4. What about the monthly fee?

Most website providers will charge you a monthly fee to host, maintain, and update your website on a regular basis. Websites built on WordPress need their plugins, themes, and WordPress core updated regularly. There is an extremely wide range of price points for this type of fee, but anything in the $50-$200/month range is reasonable – so long as the maintenance is done.

5. What about ongoing updates? How often should I be adding new content?

Most providers will assist with ongoing changes for a fee – ours is built into our monthly package. As for how often you should update your website, it boils down to a couple things.

1. You should always be adding new portfolio, project, or before/after pictures.

2. You should always be adding blog posts that add value in the forms of building your authority in your industry or solving common problems for patients and visitors.

3. You should only go out of your way to add additional content when it aligns with a specific SEO strategy.
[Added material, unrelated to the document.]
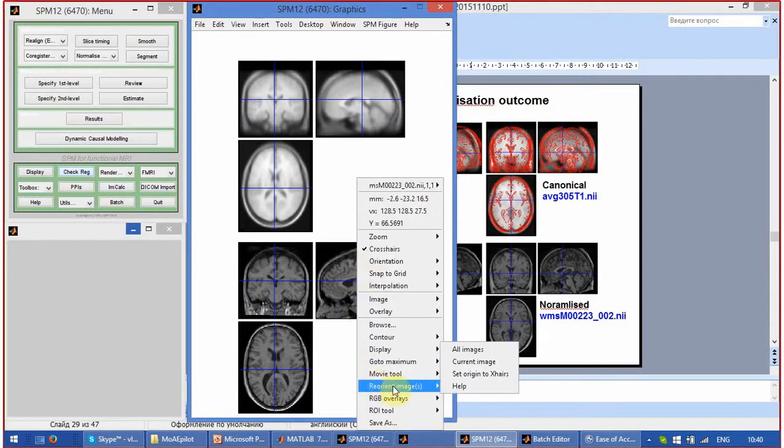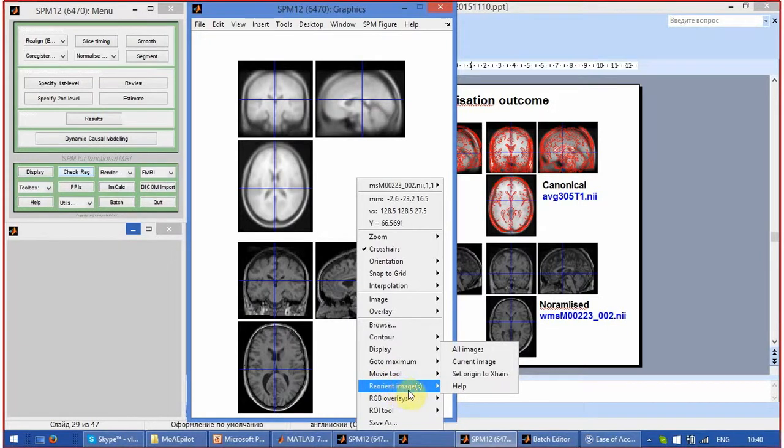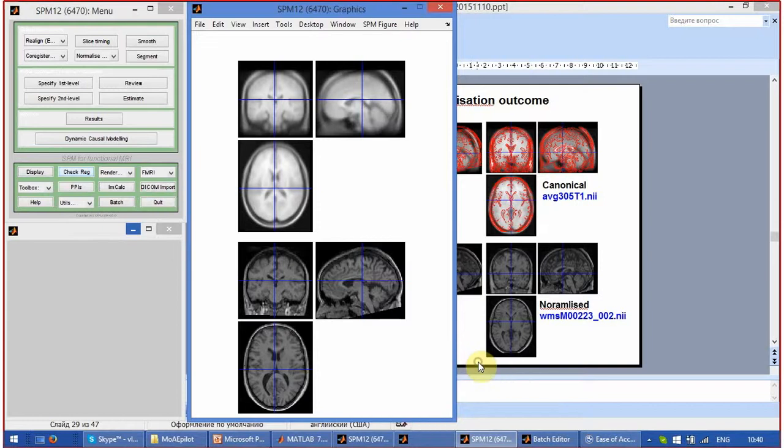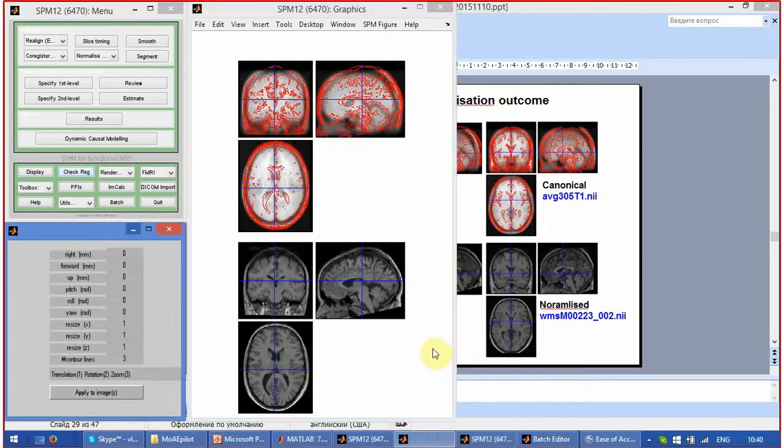To see the better difference between the shapes of two brains, click reorient images at the bottom image and select current image.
Remember the keyword lesson from before? It’s fine to throw spaghetti at a wall, but it would be nice to know what you’re even trying to hit before you do it.

6. What about a mobile version of my website?
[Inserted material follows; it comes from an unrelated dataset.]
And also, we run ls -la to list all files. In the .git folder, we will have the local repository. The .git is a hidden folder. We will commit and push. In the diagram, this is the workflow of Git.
Most website built today are responsive. However, it’s important to keep in mind that over 50% of your website traffic will likely come from a mobile device, and responsive design doesn’t always solve the problem of looking good on a mobile viewport. Make sure your website designer is as focused on the mobile appearance of your website as they are on the desktop one.

7. What about website speed?

Firstly, realize that the difference between your mobile speed and desktop speed can be wildly different. Let’s look at example #4 from the previous list, by example: coolmenow.com

HVAC website speed mobile HVAC website speed desktop

As you can see, the website speeds are wildly different for the mobile and desktop versions of this roofer website.

In general, your “first contentful paint” speed should be 2 seconds or fewer. Your “time to interactive” metric should be less than 3.8 seconds.

You should always test your website speed yourself, as it’s not something many website providers will mention unless they’re specifically asked.

8. Okay, I’ve heard enough. Can I hire you for HVAC website design?

Of course! In fact, you can even get a free website analysis and consultation.

What Do You Want Out of Your HVAC Website?

If you’ve been paying attention, hopefully you want more than just pretty graphics (though there’s no doubt you should have those, too!).

In order to get more visitors, leads, and phone calls for your HVAC company, your website needs to be effective. It needs to have a ton of helpful content, a large digital footprint, automated social media, the latest website technology, and an efficient tracking and analytics setup so you can assess your results.

Let’s boil those down to be clearer:

  1. Be helpful.
  2. Be easy to find.
  3. Be where your customers already are.
  4. Be fast.
  5. Be able to measure your success (or failure) in the previous four areas.

If you do all of that with your website, there’s no way you’ll lose.

Remember: this isn’t rocket science.

You’ve Googled enough and visited enough websites to know what makes one better than the other. You can have the better option; it just takes a little more effort.